▶ **Directions for this task**:
Give the entries again exactly, without pictures.

Saved entries:
--- START ---
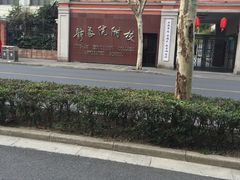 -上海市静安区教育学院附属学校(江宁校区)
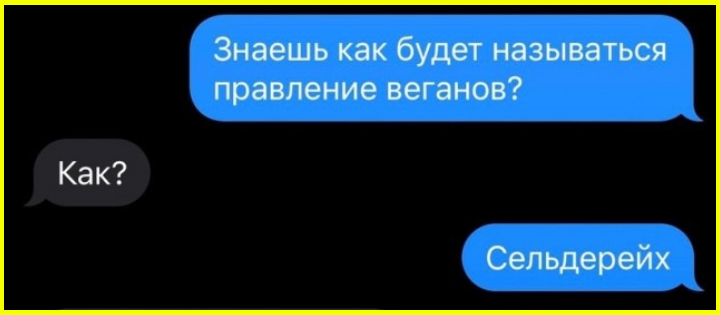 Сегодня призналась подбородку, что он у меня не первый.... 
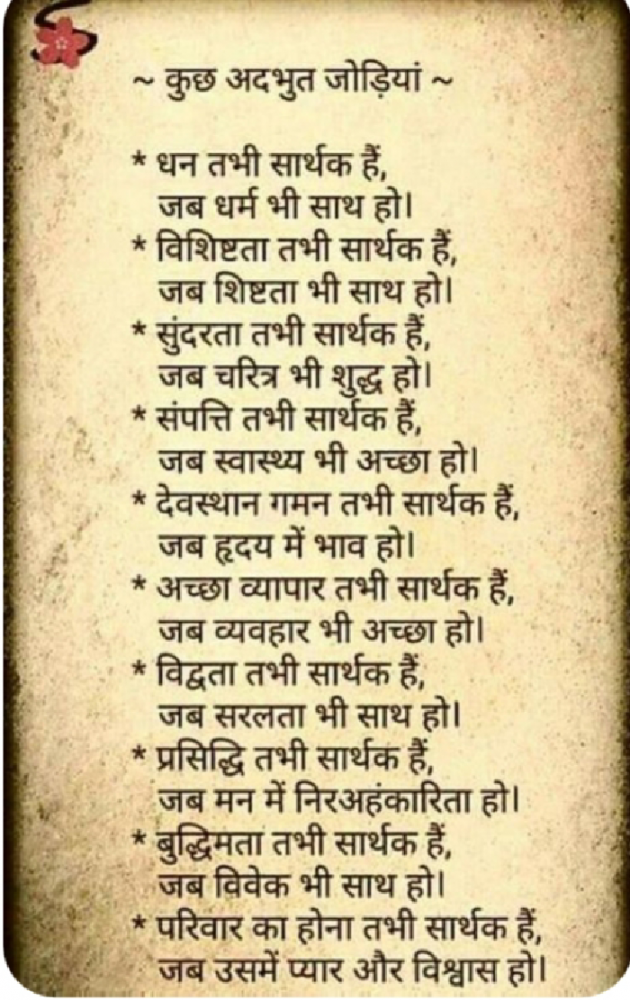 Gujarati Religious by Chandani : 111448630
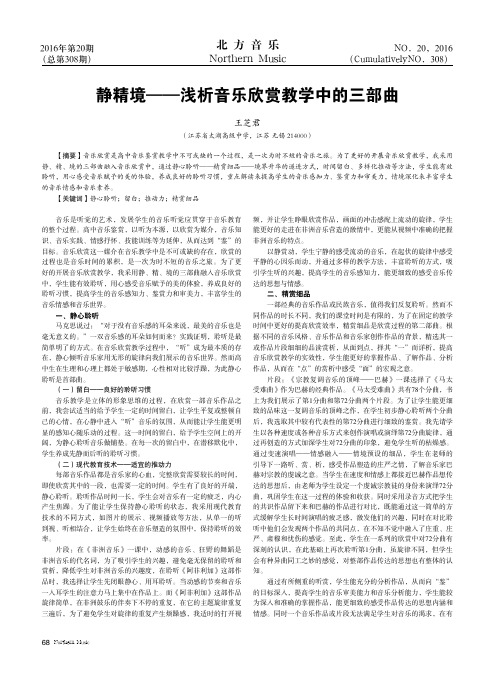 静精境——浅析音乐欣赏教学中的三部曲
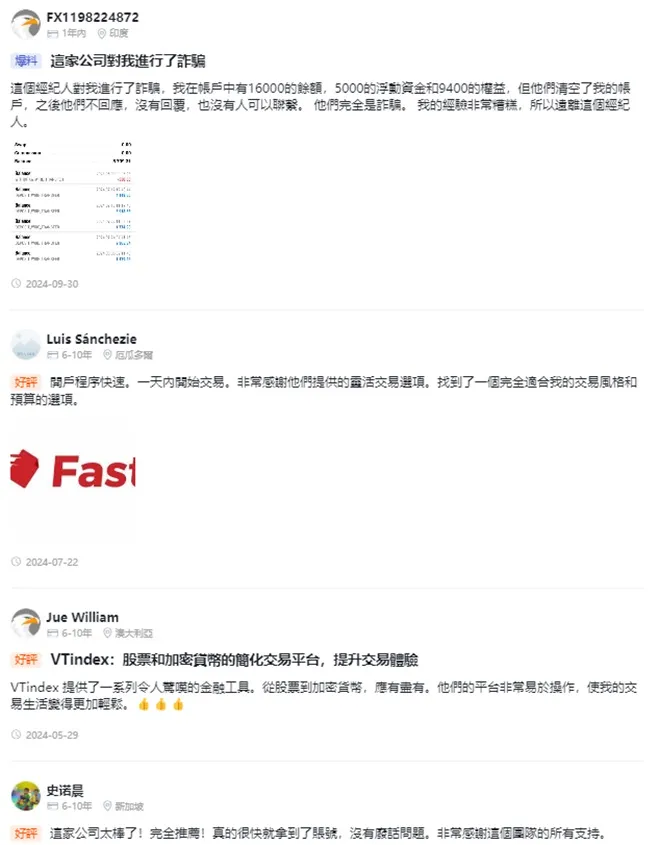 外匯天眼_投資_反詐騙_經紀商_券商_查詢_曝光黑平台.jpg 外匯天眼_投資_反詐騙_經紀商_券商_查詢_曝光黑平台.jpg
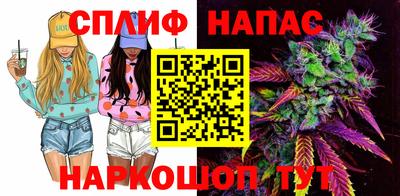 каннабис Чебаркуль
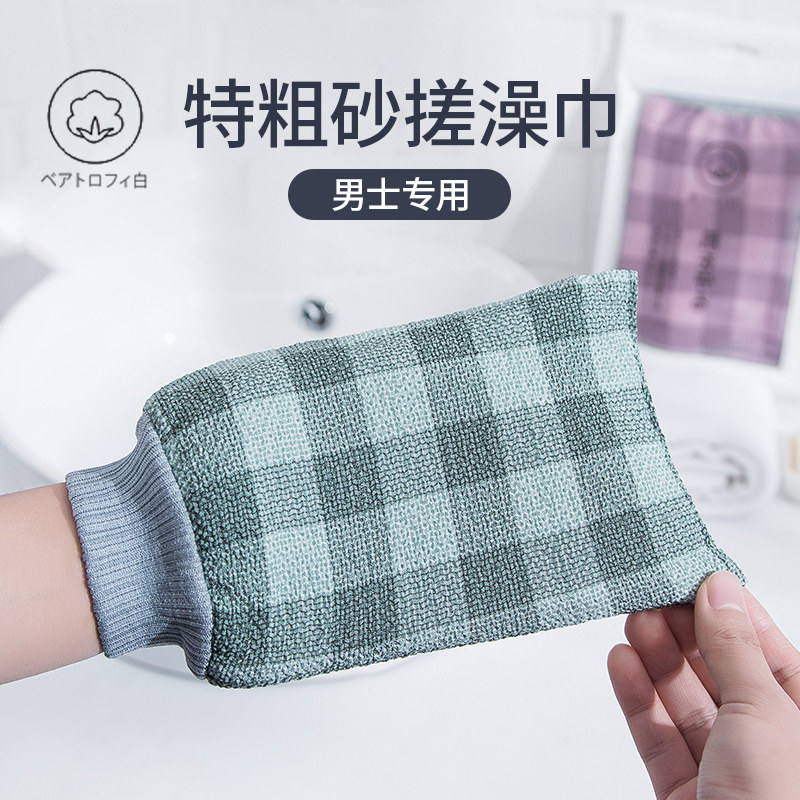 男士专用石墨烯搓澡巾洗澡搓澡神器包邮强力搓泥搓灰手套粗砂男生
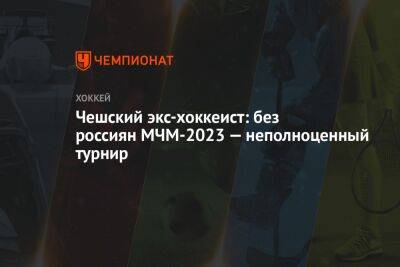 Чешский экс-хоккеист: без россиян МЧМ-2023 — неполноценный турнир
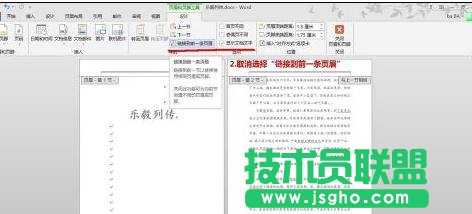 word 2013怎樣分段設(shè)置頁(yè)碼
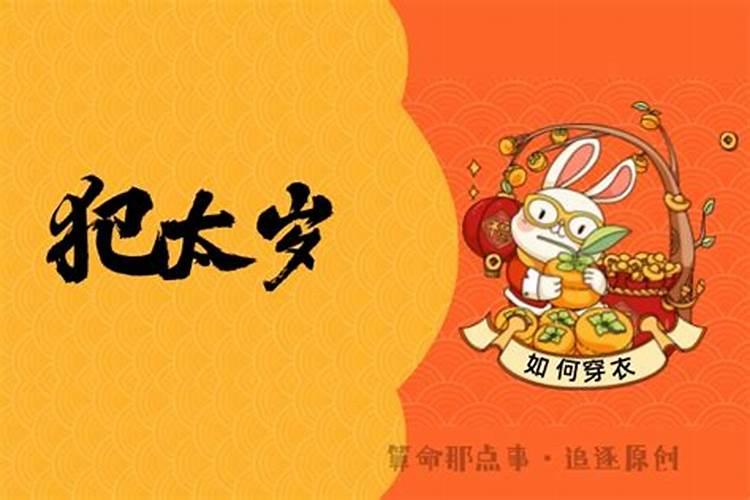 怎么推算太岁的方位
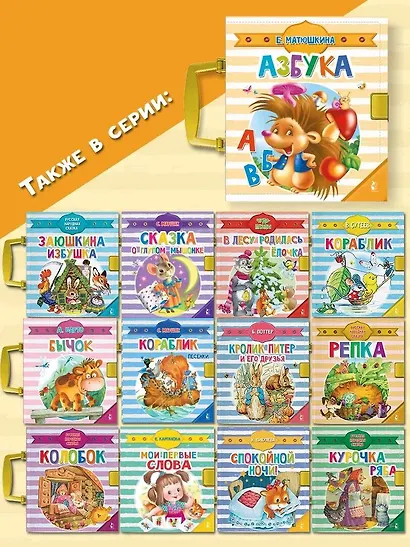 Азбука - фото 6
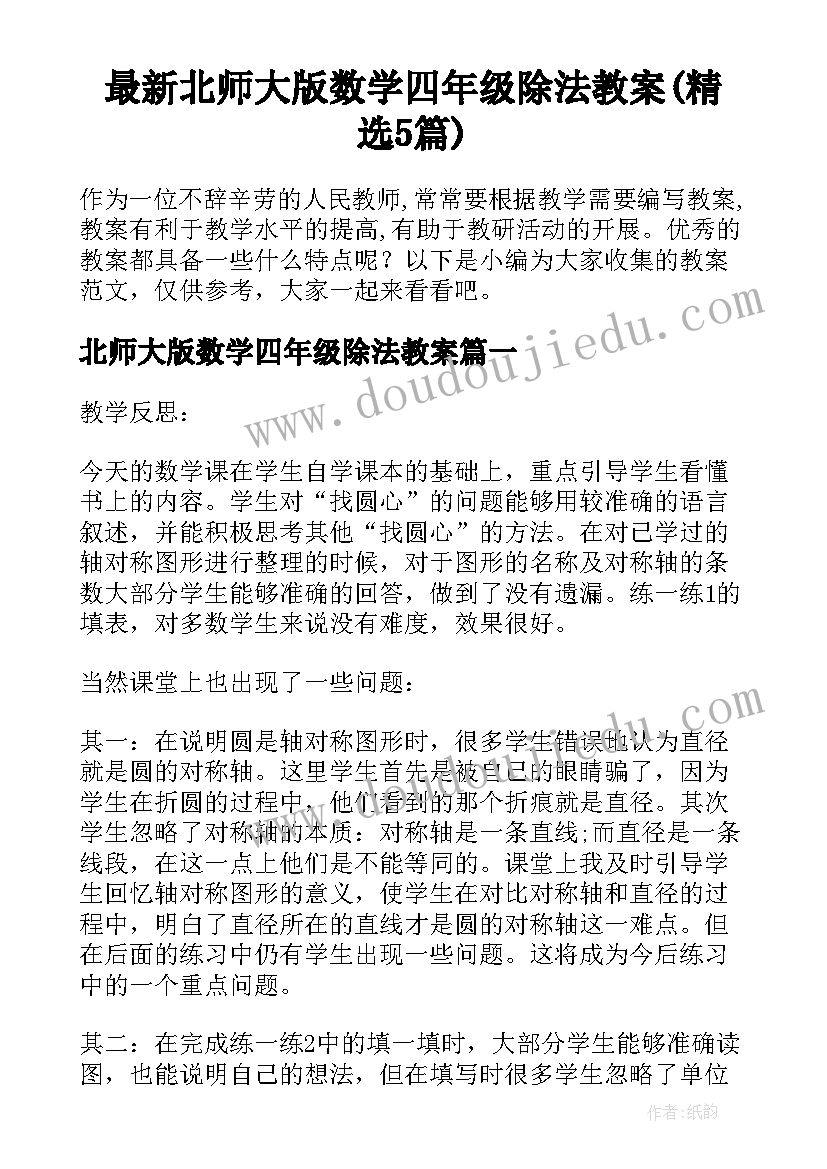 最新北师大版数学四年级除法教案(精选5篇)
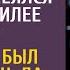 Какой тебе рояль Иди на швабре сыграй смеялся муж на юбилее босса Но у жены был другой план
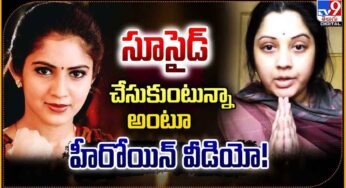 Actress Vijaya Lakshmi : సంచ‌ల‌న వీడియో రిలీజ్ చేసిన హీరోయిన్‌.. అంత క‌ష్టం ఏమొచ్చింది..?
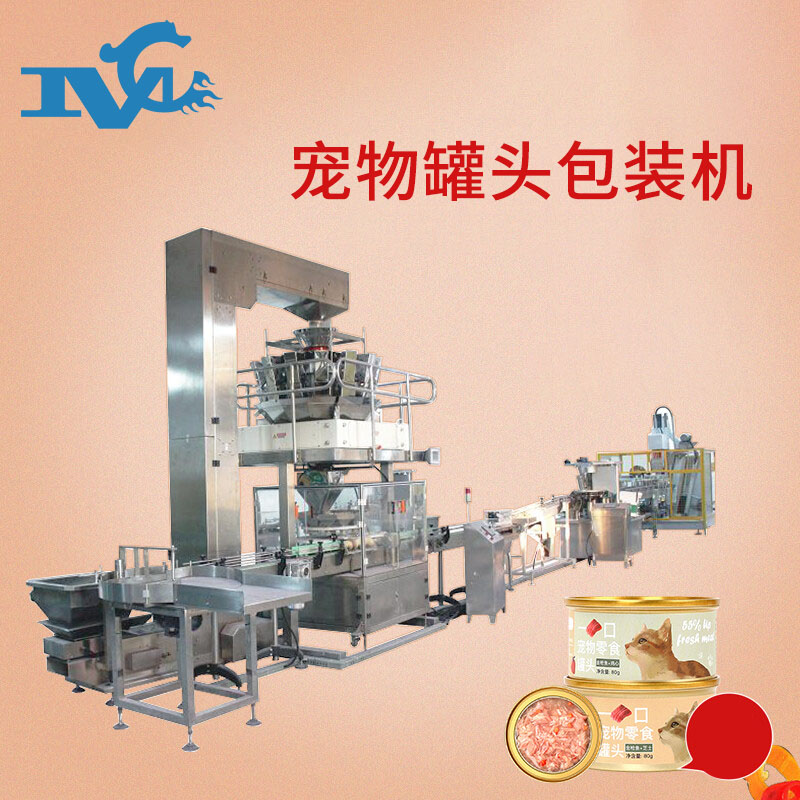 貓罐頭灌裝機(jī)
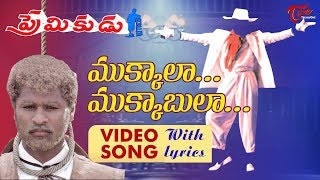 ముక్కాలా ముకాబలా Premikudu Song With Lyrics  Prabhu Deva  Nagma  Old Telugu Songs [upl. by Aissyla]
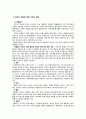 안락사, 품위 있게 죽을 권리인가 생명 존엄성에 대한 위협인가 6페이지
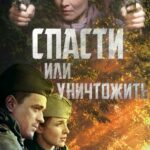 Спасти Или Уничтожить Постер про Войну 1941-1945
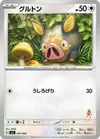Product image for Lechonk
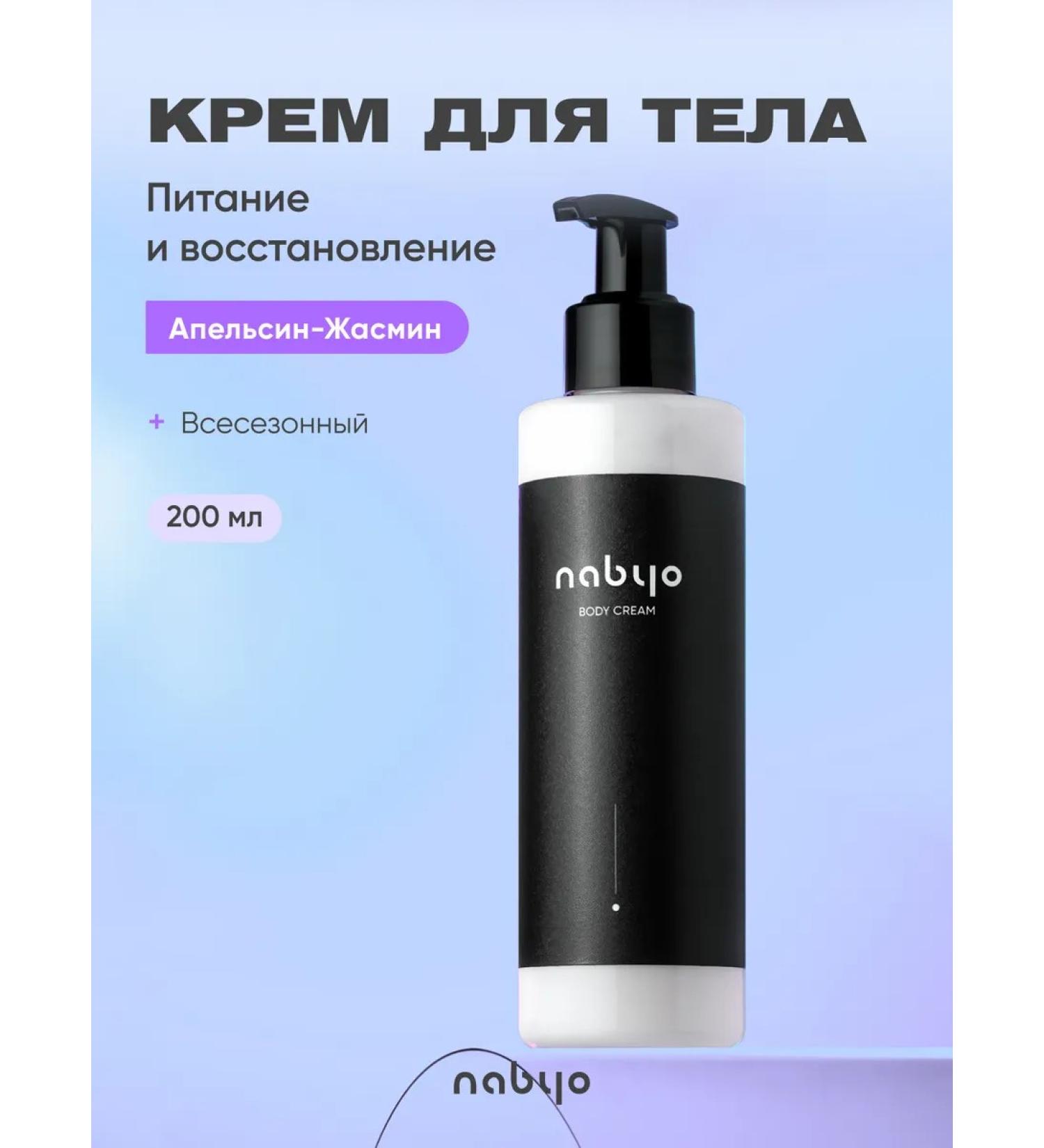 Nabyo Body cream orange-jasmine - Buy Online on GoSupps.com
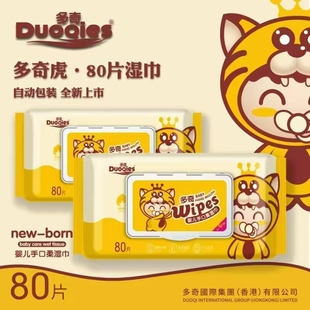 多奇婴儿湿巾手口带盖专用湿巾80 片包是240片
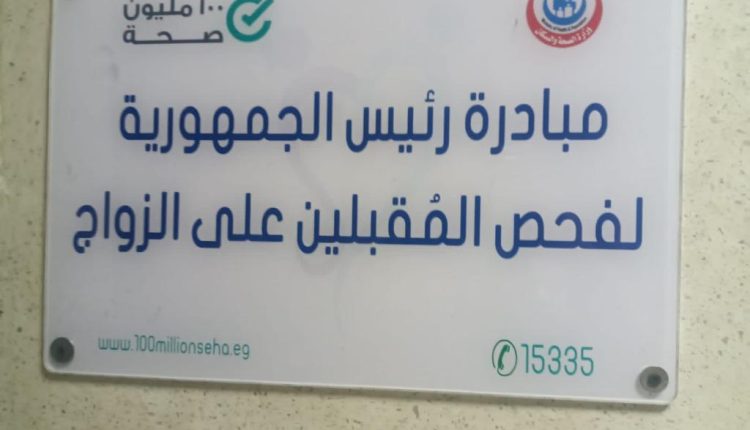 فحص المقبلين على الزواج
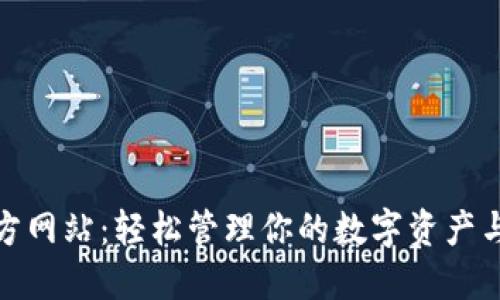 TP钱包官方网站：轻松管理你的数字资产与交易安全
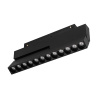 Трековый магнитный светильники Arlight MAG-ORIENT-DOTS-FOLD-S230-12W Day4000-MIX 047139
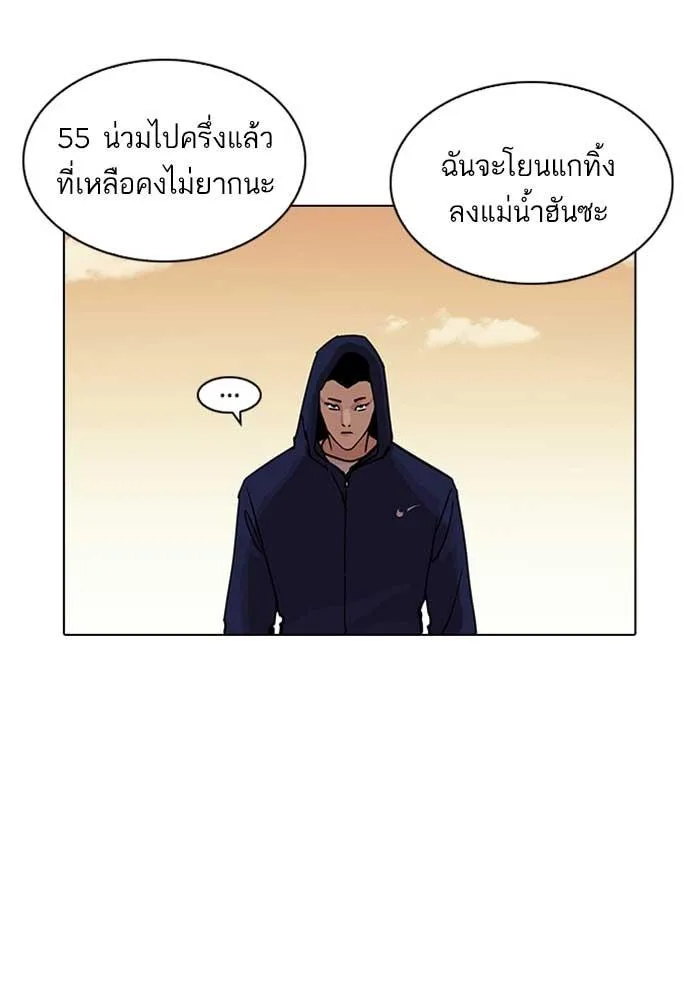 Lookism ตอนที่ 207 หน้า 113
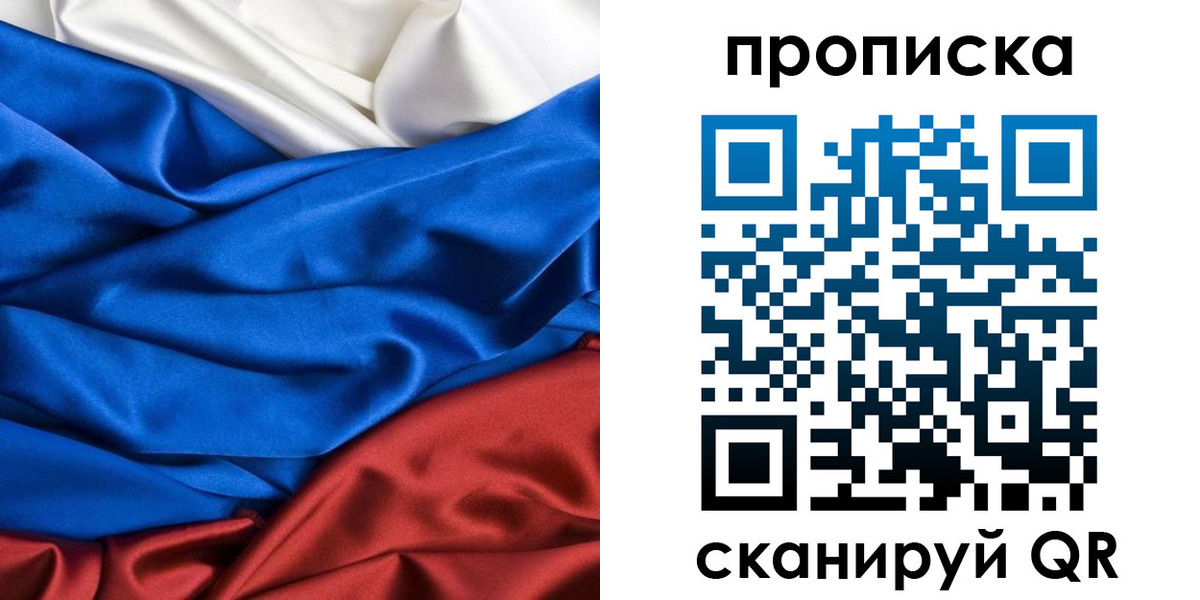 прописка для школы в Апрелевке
--- END ---
▶ **Reply to the task**:
 -上海市静安区教育学院附属学校(江宁校区)
 Сегодня призналась подбородку, что он у меня не первый.... 
 Gujarati Religious by Chandani : 111448630
 静精境——浅析音乐欣赏教学中的三部曲
 外匯天眼_投資_反詐騙_經紀商_券商_查詢_曝光黑平台.jpg 外匯天眼_投資_反詐騙_經紀商_券商_查詢_曝光黑平台.jpg
 каннабис Чебаркуль
 男士专用石墨烯搓澡巾洗澡搓澡神器包邮强力搓泥搓灰手套粗砂男生
 Чешский экс-хоккеист: без россиян МЧМ-2023 — неполноценный турнир
 word 2013怎樣分段設(shè)置頁(yè)碼
 怎么推算太岁的方位
 Азбука - фото 6
 最新北师大版数学四年级除法教案(精选5篇)
 Какой тебе рояль Иди на швабре сыграй смеялся муж на юбилее босса Но у жены был другой план
 Actress Vijaya Lakshmi : సంచ‌ల‌న వీడియో రిలీజ్ చేసిన హీరోయిన్‌.. అంత క‌ష్టం ఏమొచ్చింది..?
 貓罐頭灌裝機(jī)
 ముక్కాలా ముకాబలా Premikudu Song With Lyrics  Prabhu Deva  Nagma  Old Telugu Songs [upl. by Aissyla]
 안락사, 품위 있게 죽을 권리인가 생명 존엄성에 대한 위협인가 6페이지
 Спасти Или Уничтожить Постер про Войну 1941-1945
Product image for Lechonk
 Nabyo Body cream orange-jasmine - Buy Online on GoSupps.com
 多奇婴儿湿巾手口带盖专用湿巾80 片包是240片
 فحص المقبلين على الزواج
 TP钱包官方网站：轻松管理你的数字资产与交易安全
 Трековый магнитный светильники Arlight MAG-ORIENT-DOTS-FOLD-S230-12W Day4000-MIX 047139
 Lookism ตอนที่ 207 หน้า 113
 прописка для школы в Апрелевке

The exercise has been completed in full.